The long-protested Dakota Access pipeline was ordered to be shut down by a federal judge this week. Within 24 hours developers of the Atlantic Coast Pipeline canceled the project.
It’s a sign of how environmental activists are becoming more and more savvy with using the law and creating complications for pipeline companies.
Previously, judges typically maintained the status quo: And that meant not shutting off an active pipeline. The lawsuit turned on whether the Dakota Access pipeline posed an environmental risk under a federal law. The judge ruled that it needed to be halted until a review is completed (this could take several years). Previously, environmental activists had focused on oil wells for litigation. But pipelines require more federal and local permits, which are more vulnerable to litigation, according to Bloomberg.
The Dakota Access decision was unprecedented: SMU law professor James Coleman told Bloomberg that a judge had never shut down an oil pipeline because of environmental concerns.

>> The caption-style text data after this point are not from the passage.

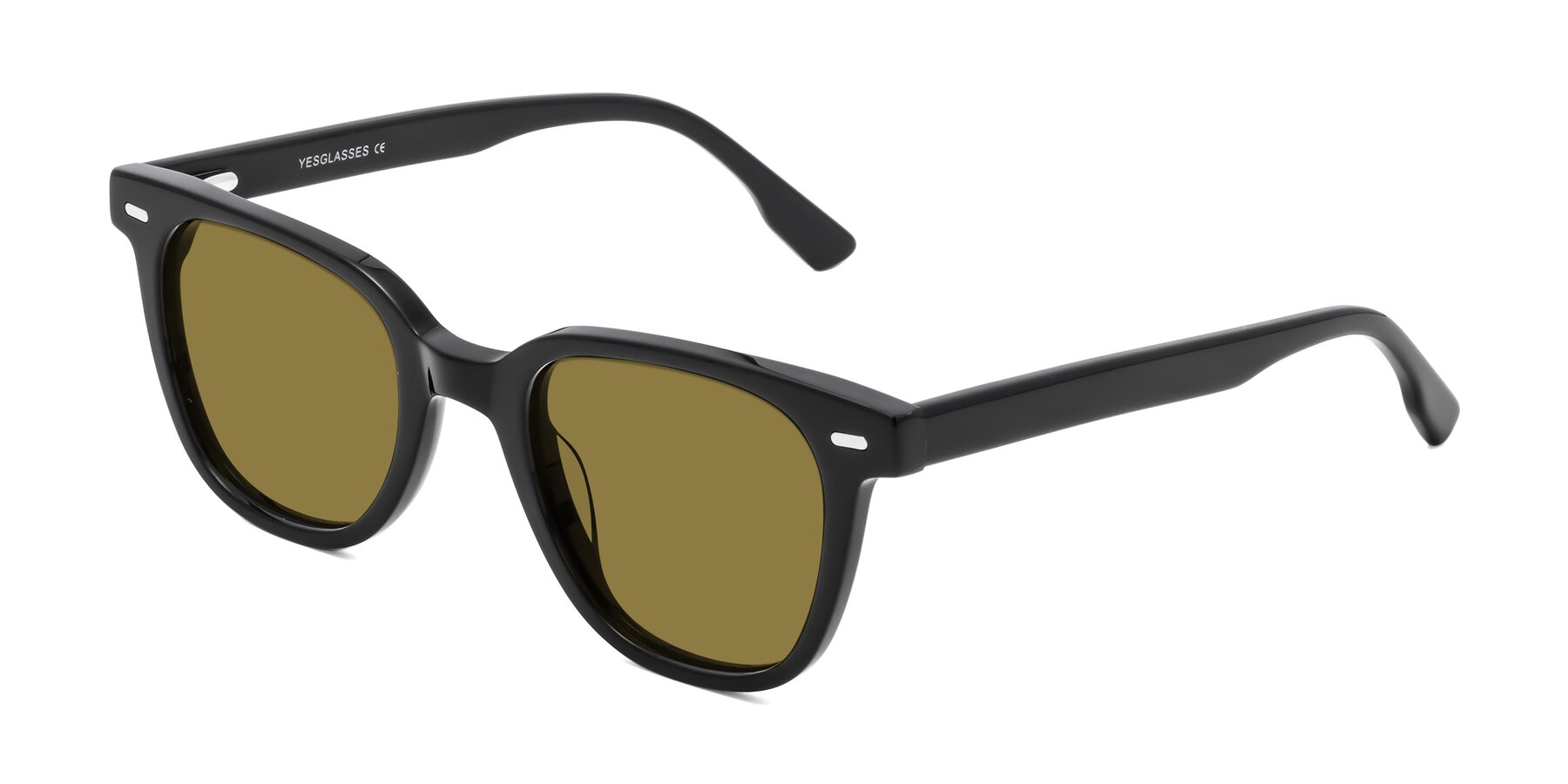 Angle of Beacon in Black with Brown Polarized Lenses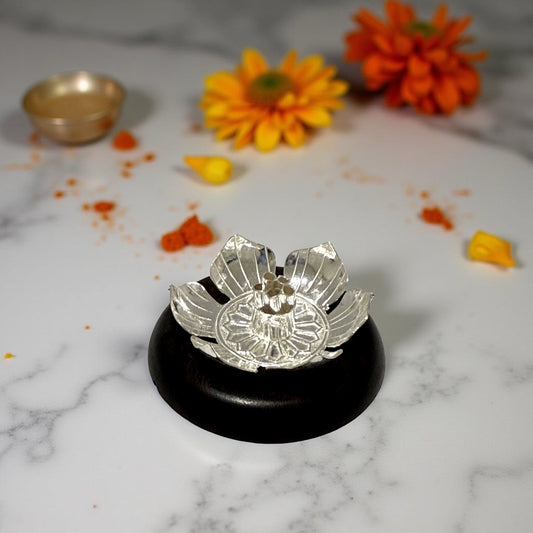 Silver Lotus Wooden Agarbathi Holder - 2 nches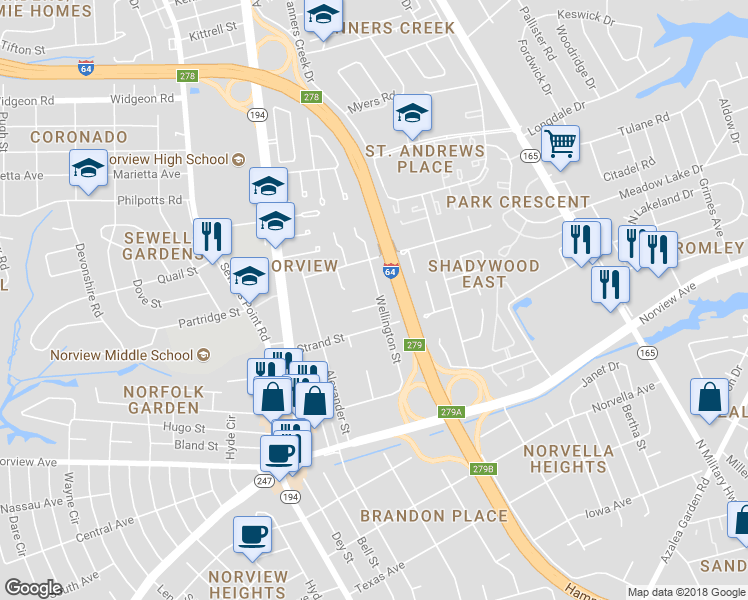 map of restaurants, bars, coffee shops, grocery stores, and more near 6325 Wellington Street in Norfolk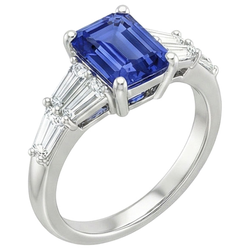 Natural Sapphire Ring 4ct - White Gold 14K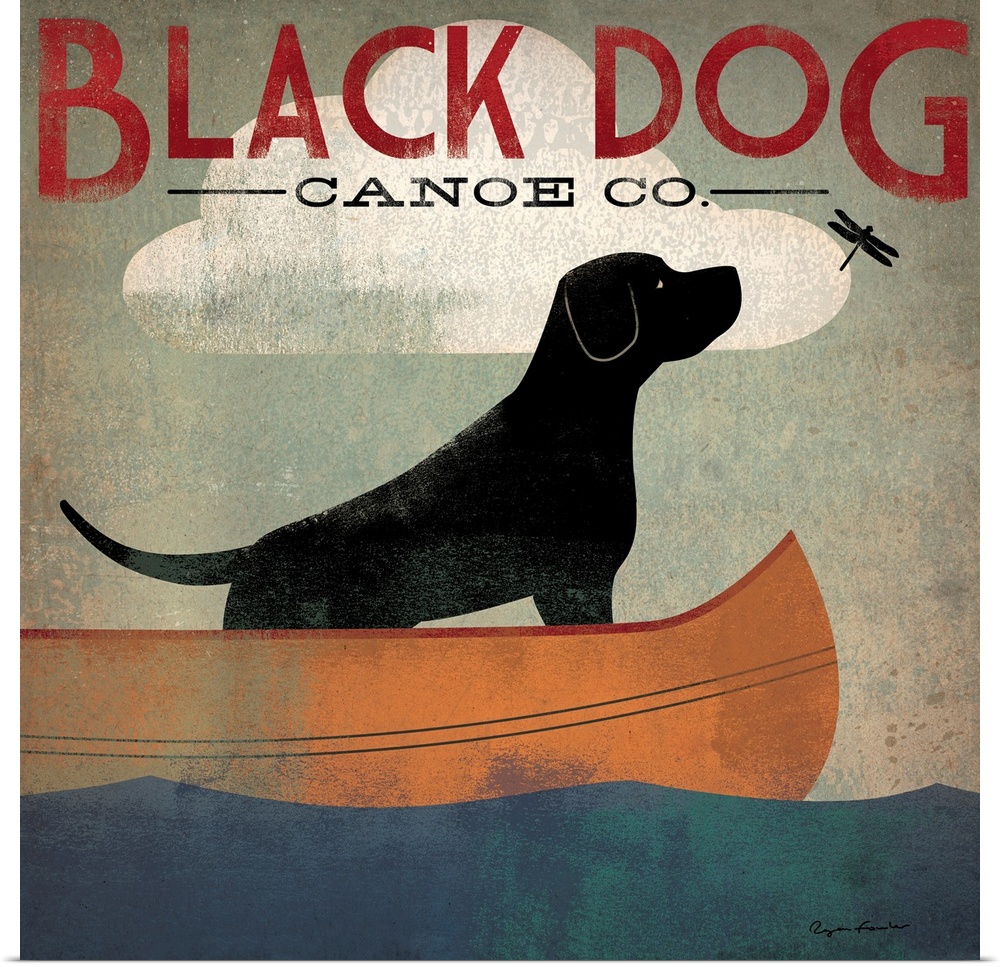 Contemporary artwork of a stylized black dog sitting in a canoe looking at a dragon fly with an overall grungy looking tex...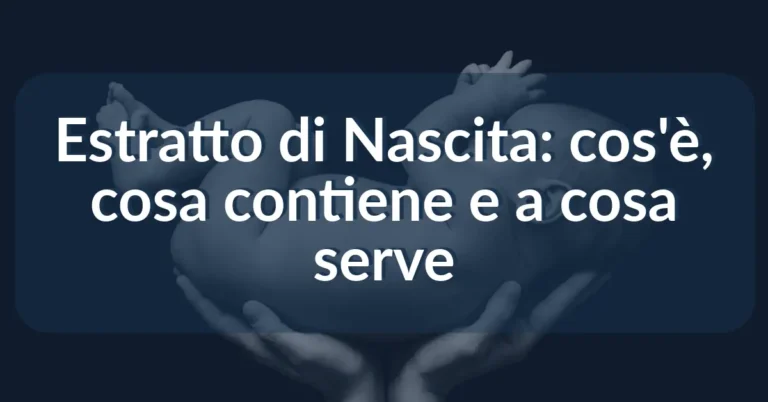 estratto di nascita cosa contiene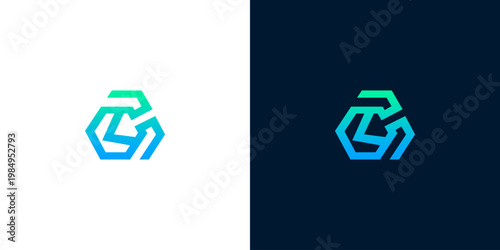 Abstract hexagon logo with repeating arrows forming a circular motion on a white and dark background, representing recycling or continuous improvement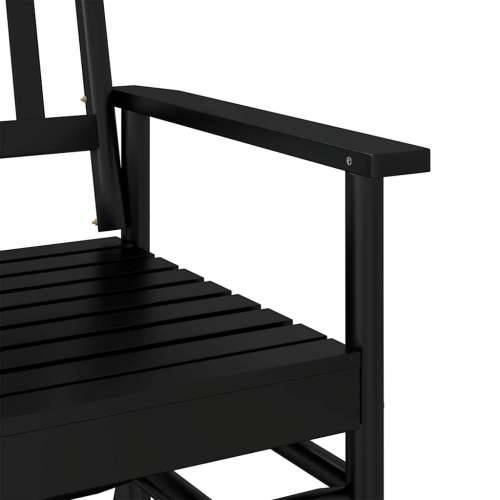 Klupa za ljuljanje crna 118 x 70 x 104,5 cm masivno drvo topola - Crna 1 Cijena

“A turning point” for pipelines: Industry insiders say the end of the Dakota and Atlantic Coast will be a setback with lasting repercussions into the future, potentially leading to far fewer big projects. And the judicial ruling on the Dakota Access means other judges could agree that existing pipelines can be shut down.
Expect the litigation to continue. The environmental groups are playing the long game and want to use the law to block as many pipeline projects as possible, until it becomes so difficult to transport vast oil quantities that companies must consider more renewable energy options.
What else we’re forwarding
Facebook and other tech companies stand up to China: Because of China’s crackdown on Hong Kong, Facebook, Twitter and Google said they would stop processing data requests made by the Hong Kong government.
Jobs keep coming back to the legal industry after the losses of April and March: The legal industry added some 7,500 jobs in June. That comes after a gain of 7,000 in May and a huge loss of 68,000 in April.